Coalition push to privatize state media continues with bill to sell off Army Radio

Likud MK Nissim Vaturi’s proposed law echoes language found in controversial legislation, panned by press advocates, to sell off the Israel Public Broadcasting Corporation

Sam Sokol is the Times of Israel's political correspondent. He was previously a reporter for the Jerusalem Post, Jewish Telegraphic Agency and Haaretz. He is the author of "Putin’s Hybrid War and the Jews"

A soldier-reporter for Israel's Army Radio, on November 11, 2019. (Moshe Shai/Flash90)
A soldier-reporter for Israel's Army Radio, on November 11, 2019. (Moshe Shai/Flash90)

Amid a coalition push to shutter Israel’s public broadcaster Kan, Likud MK Nissim Vaturi has submitted a new bill to privatize Army Radio, arguing that “there is no need for a so-called military radio station, which is financed by the public, operates as a military unit and is staffed by soldiers.”

Vaturi’s bill, placed on the Knesset agenda earlier this week, would require the Second Authority for Television and Radio to carry out a tender for the sale of the station — along with affiliated network Galgalatz — to a private buyer.

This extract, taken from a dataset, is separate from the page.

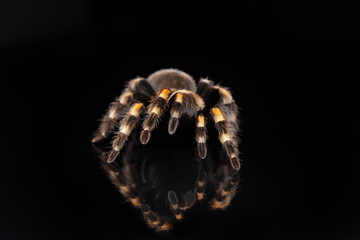 mexikanische Vogelspinne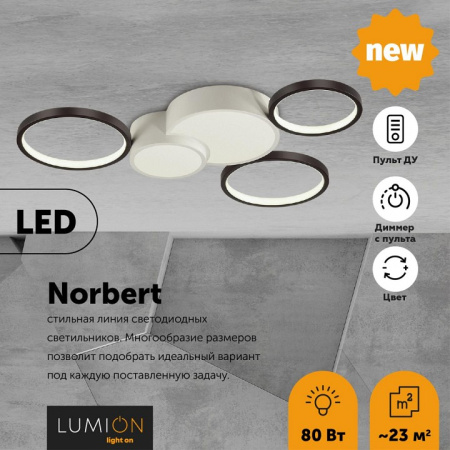 Фото Потолочная люстра Lumion Norbert 5253/80CL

Communications Minister Shlomo Karhi last year indicated that he intends to eventually shut down the Second Authority as well.

Army Radio — one of the most listened-to news stations in the country — was formed in 1950, shortly after the establishment of the state, and is staffed by a mix of young soldiers and seasoned journalists. The military’s operation and funding of a radio station with journalists responsible for investigating the doings of the Israel Defense Forces and the government has long been considered anachronistic, expensive, and an ethical minefield. Multiple defense ministers and chiefs of staff have looked into shuttering or privatizing it.

The bill would require the IDF to halt servicemembers’ work at the station within two years.

In 2023, then defense minister Yoav Gallant decided not to shut down or privatize Army Radio despite several years of announcements by successive governments and the military that they intended to do so.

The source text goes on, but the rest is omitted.